1980年代初頭に、オーストラリアがいち早くワインと観光を結びつけて観光客の誘致を始めたと言われています。その後、アメリカやニュージーランド、イタリアなどが力を入れ始め、フランスでも南仏を中心に観光客誘致に力を入れるシャトーやドメーヌと呼ばれるワイン製造施設が増えてきています。日本でも観光施設を併設するワイナリーが100以上あり、見学、試飲、お土産物の売店に加え、カフェやレストラン、イベント会場や会議室などを併設している所もあります。

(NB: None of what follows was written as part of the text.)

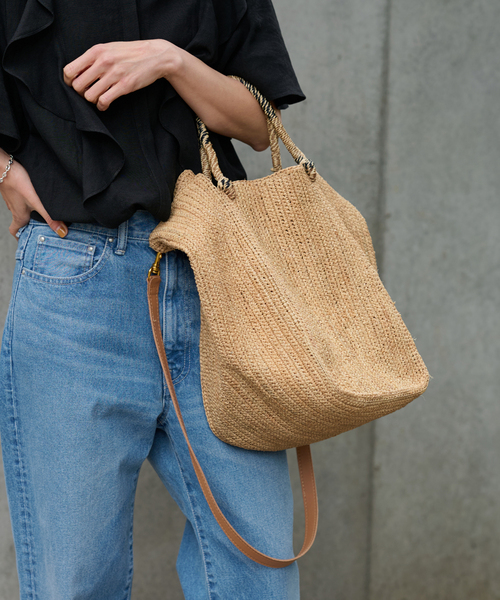 セール】【A POINT/アポワン】ラフィア ラウンドトート（トートバッグ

栃木県足利市にある「こころみ学園」のワイン醸造場「ココ・ファーム・ワイナリー」では、知的障害がある人たちが、自然とともに葡萄畑や醸造場で一生懸命働き、品質の高いワインを作っています。昭和33年に葡萄畑を作り始め、昭和44年に知的障害、自閉症、ダウン症などをもつ人を対象に「みんなであつまってやってみよう」という意味から命名された社会福祉法人「こころみ学園」として認可がおりました。こころみ学園園長の川田昇は、『山の学園はワイナリー』(テレビ朝日1999年)の中で、「たとえ障害をもった人でも誰もがもっている力をだしきって精いっぱい生きること、自立して生きること、それが大事です」と述べています。昭和55年に園児たちの経済的自立のために「ココ・ファーム・ワイナリー」が設立され、昭和59年に醸造の許可が下りました。ワインを作ることによって年間を通して収入が得られます。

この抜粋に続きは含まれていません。